Half way into this film I was enthralled; by its conclusion I was annoyed and glum. This is a film that -- through the protagonist played at once oddly creepy and attractive by Freddie Highmore -- asks all the right questions but fails to follow the logic of those questions.
George is a high school senior at a fancy pants prep school in NYC who has been led by the following bit of pop existentialist philosophy -- "you are born alone, die alone and everything else is an illusion"* -- to despair of doing anything meaningful. Despite the despair inherent in the slogan, George is quite chipper and expends vast amounts of energy doing what he wants and avoiding doing what The Man would have him do: study hard, takes tests, and prepare to go to a fancy pants college.

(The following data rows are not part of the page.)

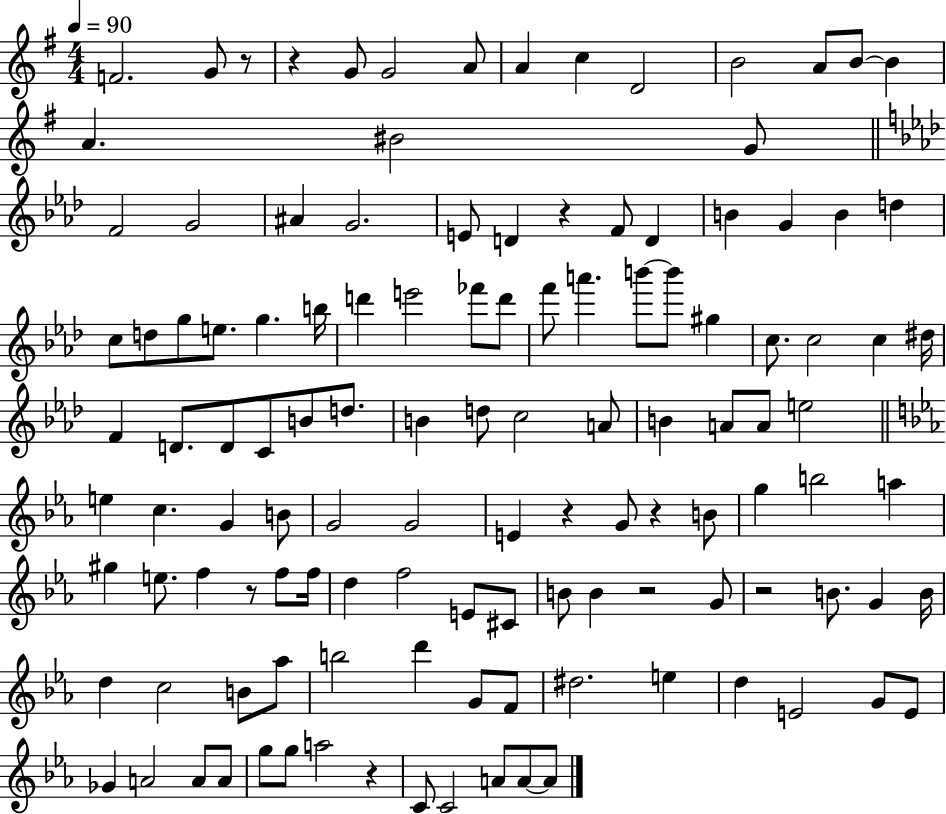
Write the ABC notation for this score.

X:1
T:Untitled
M:4/4
L:1/4
K:G
F2 G/2 z/2 z G/2 G2 A/2 A c D2 B2 A/2 B/2 B A ^B2 G/2 F2 G2 ^A G2 E/2 D z F/2 D B G B d c/2 d/2 g/2 e/2 g b/4 d' e'2 _f'/2 d'/2 f'/2 a' b'/2 b'/2 ^g c/2 c2 c ^d/4 F D/2 D/2 C/2 B/2 d/2 B d/2 c2 A/2 B A/2 A/2 e2 e c G B/2 G2 G2 E z G/2 z B/2 g b2 a ^g e/2 f z/2 f/2 f/4 d f2 E/2 ^C/2 B/2 B z2 G/2 z2 B/2 G B/4 d c2 B/2 _a/2 b2 d' G/2 F/2 ^d2 e d E2 G/2 E/2 _G A2 A/2 A/2 g/2 g/2 a2 z C/2 C2 A/2 A/2 A/2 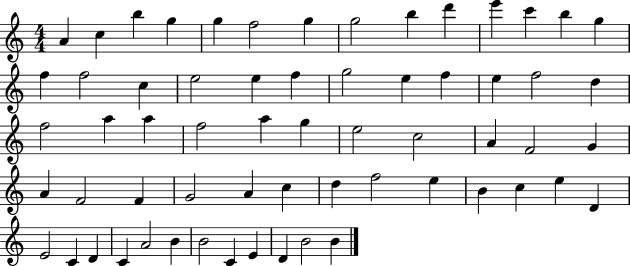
{
  \clef treble
  \numericTimeSignature
  \time 4/4
  \key c \major
  a'4 c''4 b''4 g''4 | g''4 f''2 g''4 | g''2 b''4 d'''4 | e'''4 c'''4 b''4 g''4 | \break f''4 f''2 c''4 | e''2 e''4 f''4 | g''2 e''4 f''4 | e''4 f''2 d''4 | \break f''2 a''4 a''4 | f''2 a''4 g''4 | e''2 c''2 | a'4 f'2 g'4 | \break a'4 f'2 f'4 | g'2 a'4 c''4 | d''4 f''2 e''4 | b'4 c''4 e''4 d'4 | \break e'2 c'4 d'4 | c'4 a'2 b'4 | b'2 c'4 e'4 | d'4 b'2 b'4 | \break \bar "|."
}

Surely there must be more to life?
Indeed, George's intuition that there is more to life is profoundly correct, but he takes the ever-popular romantic shortcut into enlightenment: falling in love. Don't get me wrong: love, beauty -- these and many more can be a path toward the truth about oneself. But in this film I was reminded of the glib "sex as salvation" tonic fobbed off on moviegoers in Titanic. George's relationship with Sally Howe (Emma Roberts) seems like too pat an answer to George's questions. It left me feeling like the film was suggesting that the way to get the girls is to play the moody existentialist. (That may well be true, by the way.)
Perhaps the film should have been entitled Go Along to Get Along, for if the heart can be satisfied by loves that do not exceed what immediately confronts us, then George will be a happy camper by being successful according to someone else's criteria.
*Orson Welles may be the source of this quotation; I didn't pursue it very far online.